Trust in AstraZeneca's coronavirus vaccine in many European countries has plunged following controversy around the jab in recent weeks, according to a new survey unveiled Monday by British pollsters YouGov.
Preparations take place at Stockholm's City Hall to convert the venue for the Nobel Prize banquets into a COVID-19 vaccination centre for a day on February 21 in the capital of Sweden, amid the novel coronavirus. Photo: VCG
A majority of people in the biggest European Union member states, including Germany, France, Spain and Italy, now see the inoculation as unsafe, the recent poll found.
However, views of the Anglo-Swedish pharma giant's jab remain overwhelming positive in Britain, where two-thirds of respondents said it is safe, compared to just 9 percent believing it is not. The findings come at a tumultuous time for the AstraZeneca vaccine and the EU's troubled inoculation campaign, as a third virus wave on the continent prompts renewed social restrictions.
Meanwhile, Britain and the bloc are embroiled in an increasingly acrimonious war of words over supplies, with Brussels warning it may halt AstraZeneca vaccine exports.
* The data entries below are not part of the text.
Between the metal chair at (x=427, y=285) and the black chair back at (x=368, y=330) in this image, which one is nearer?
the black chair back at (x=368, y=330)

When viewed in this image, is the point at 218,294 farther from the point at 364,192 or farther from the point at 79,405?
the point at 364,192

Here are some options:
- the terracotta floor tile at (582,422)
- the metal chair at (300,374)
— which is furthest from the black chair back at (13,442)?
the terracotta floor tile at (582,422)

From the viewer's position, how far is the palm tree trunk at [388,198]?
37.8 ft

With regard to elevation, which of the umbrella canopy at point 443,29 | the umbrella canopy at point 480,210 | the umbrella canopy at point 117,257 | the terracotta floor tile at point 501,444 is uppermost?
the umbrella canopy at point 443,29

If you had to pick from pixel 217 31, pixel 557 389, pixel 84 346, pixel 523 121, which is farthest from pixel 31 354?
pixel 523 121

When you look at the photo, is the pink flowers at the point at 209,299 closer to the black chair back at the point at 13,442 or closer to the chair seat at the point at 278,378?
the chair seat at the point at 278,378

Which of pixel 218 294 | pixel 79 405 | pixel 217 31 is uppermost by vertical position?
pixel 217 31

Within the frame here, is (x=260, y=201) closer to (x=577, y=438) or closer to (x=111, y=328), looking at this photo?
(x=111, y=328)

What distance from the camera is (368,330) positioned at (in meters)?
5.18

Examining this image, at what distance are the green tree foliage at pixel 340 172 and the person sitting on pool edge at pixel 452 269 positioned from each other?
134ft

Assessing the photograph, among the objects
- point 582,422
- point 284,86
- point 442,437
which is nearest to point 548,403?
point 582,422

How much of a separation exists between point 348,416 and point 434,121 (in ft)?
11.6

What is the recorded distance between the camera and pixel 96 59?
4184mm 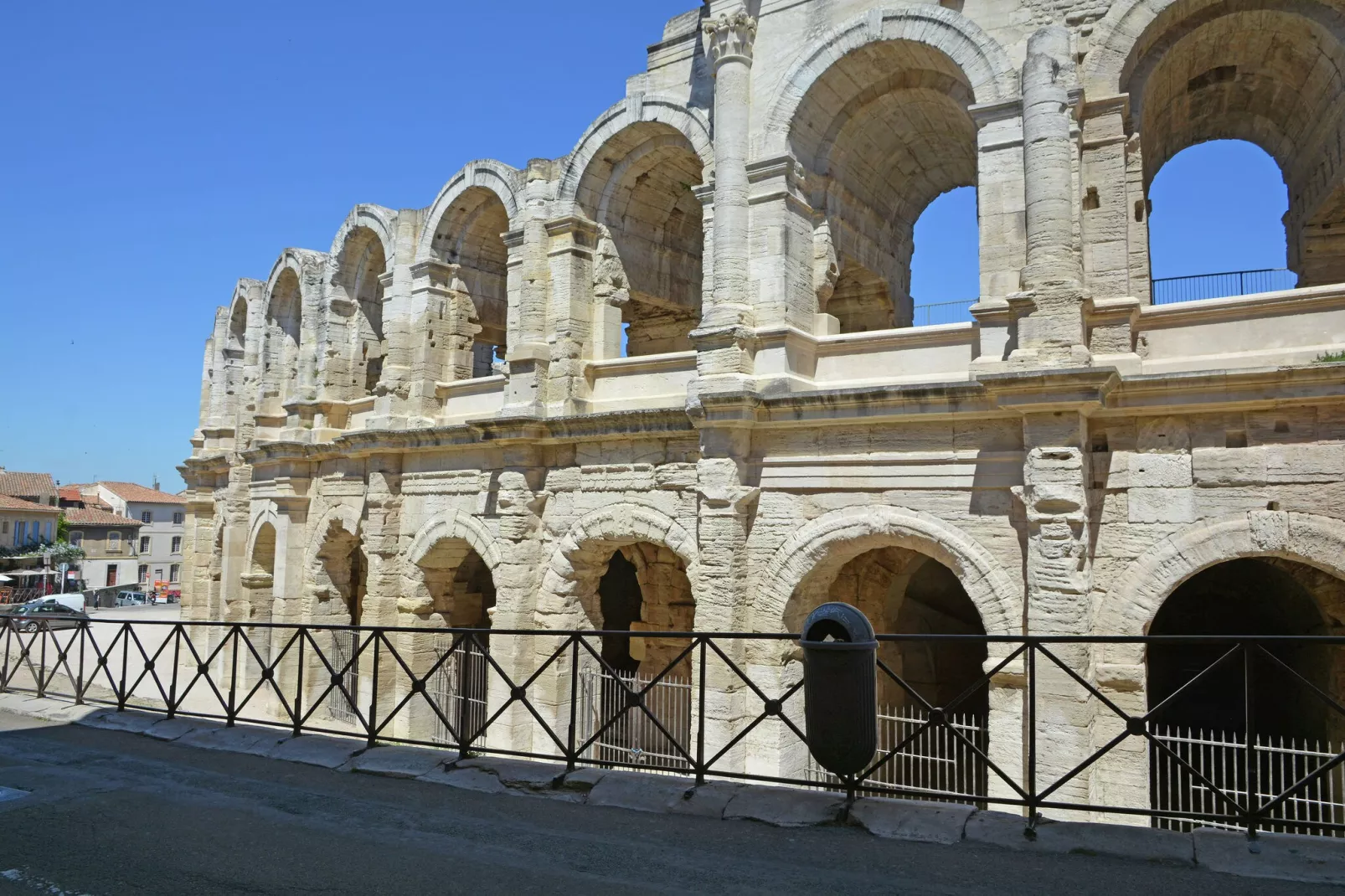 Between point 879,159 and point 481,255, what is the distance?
6.52 m

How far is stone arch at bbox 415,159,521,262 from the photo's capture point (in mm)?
13422

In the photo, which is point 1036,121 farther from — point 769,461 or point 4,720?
point 4,720

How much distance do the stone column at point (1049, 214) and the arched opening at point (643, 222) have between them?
451cm

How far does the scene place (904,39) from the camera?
9.88m

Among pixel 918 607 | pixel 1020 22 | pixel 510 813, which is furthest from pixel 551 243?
pixel 510 813

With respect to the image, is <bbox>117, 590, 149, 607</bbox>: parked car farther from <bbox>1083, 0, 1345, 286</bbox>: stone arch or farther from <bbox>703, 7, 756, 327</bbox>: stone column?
<bbox>1083, 0, 1345, 286</bbox>: stone arch

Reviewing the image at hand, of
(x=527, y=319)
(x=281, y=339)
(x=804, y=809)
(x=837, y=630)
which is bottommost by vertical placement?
(x=804, y=809)

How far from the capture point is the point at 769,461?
1030 cm

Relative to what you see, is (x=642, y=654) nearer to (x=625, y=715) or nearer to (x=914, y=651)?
(x=625, y=715)

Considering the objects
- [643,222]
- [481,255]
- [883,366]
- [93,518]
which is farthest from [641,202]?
[93,518]

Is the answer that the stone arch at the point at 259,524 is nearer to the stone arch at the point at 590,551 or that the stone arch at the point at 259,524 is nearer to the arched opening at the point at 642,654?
the arched opening at the point at 642,654

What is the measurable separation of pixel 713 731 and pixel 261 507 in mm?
Result: 12026

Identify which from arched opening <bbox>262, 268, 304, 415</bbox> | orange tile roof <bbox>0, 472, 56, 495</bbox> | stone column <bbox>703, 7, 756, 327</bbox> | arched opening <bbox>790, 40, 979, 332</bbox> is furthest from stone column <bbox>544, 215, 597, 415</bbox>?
orange tile roof <bbox>0, 472, 56, 495</bbox>

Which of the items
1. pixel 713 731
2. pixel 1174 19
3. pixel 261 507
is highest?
pixel 1174 19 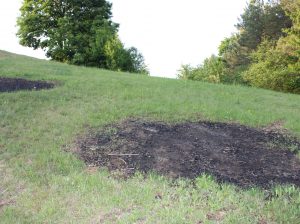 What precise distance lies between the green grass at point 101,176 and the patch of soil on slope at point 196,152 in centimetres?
32

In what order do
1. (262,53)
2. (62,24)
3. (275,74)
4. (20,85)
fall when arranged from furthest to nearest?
(62,24) < (262,53) < (275,74) < (20,85)

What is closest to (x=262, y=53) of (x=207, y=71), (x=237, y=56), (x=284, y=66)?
(x=284, y=66)

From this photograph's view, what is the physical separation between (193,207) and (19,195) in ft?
6.55

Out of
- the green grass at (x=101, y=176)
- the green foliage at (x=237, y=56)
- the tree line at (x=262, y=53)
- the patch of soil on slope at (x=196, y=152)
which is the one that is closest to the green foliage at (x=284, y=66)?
the tree line at (x=262, y=53)

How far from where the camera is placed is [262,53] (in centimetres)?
2139

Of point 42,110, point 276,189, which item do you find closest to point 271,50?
point 42,110

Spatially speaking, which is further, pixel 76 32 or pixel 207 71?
pixel 207 71

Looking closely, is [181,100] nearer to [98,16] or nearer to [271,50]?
[271,50]

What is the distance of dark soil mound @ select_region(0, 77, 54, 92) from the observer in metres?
8.94

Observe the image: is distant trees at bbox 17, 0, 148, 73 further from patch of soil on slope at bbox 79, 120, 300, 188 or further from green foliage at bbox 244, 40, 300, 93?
patch of soil on slope at bbox 79, 120, 300, 188

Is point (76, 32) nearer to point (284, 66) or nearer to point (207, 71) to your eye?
point (207, 71)

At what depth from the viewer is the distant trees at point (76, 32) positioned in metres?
23.3

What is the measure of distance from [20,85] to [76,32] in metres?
17.5

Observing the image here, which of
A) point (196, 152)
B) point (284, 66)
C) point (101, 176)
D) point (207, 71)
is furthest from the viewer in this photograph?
point (207, 71) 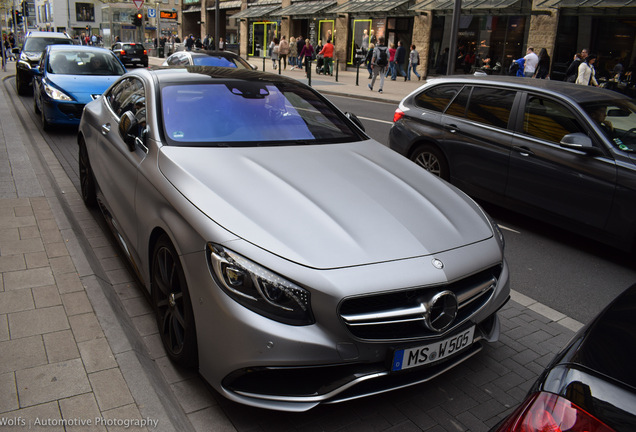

The drop in Europeans' faith in the jab, developed in partnership with Oxford University in the UK, follows weeks of turmoil on the continent over safety fears. Earlier in March several EU countries suspended its use, pending a review by the European Medicines Agency (EMA) after dozens of isolated cases of blood clots and brain hemorrhages.
The EMA declared on Thursday the AstraZeneca jab "safe and effective," with the WHO and Britain's drugs watchdog issuing similar endorsements.
That led European countries to resume administering the vaccine, but not before severely damaging confidence in it.
In its mid-March survey, YouGov found 55 percent of Germans now say the vaccine as unsafe - a 15-point rise in a month - compared to 32 percent viewing it as safe.
In already more vaccine-hesitant France, 61 percent of respondents said it was unsafe, while Italy and Spain both saw a 27-point monthly jump in the number of people saying they did not trust the jab.
No similar increases in safety fears were seen for rival vaccines by Pfizer and Moderna, YouGov said. The pollsters interviewed 2,024 Germans, and around 1,000 adults in each of the other countries between March 12 and 18.
"After concerns about its protection and potency were raised by leaders across Europe, the Oxford/AstraZeneca vaccine has undoubtedly suffered damage to its reputation for safety on the continent," said Matt Smith, lead data journalist at YouGov.
Even prior to its recent woes in Europe, the jab had suffered several setbacks. Confidence in the vaccine has also been hit by mixed messaging.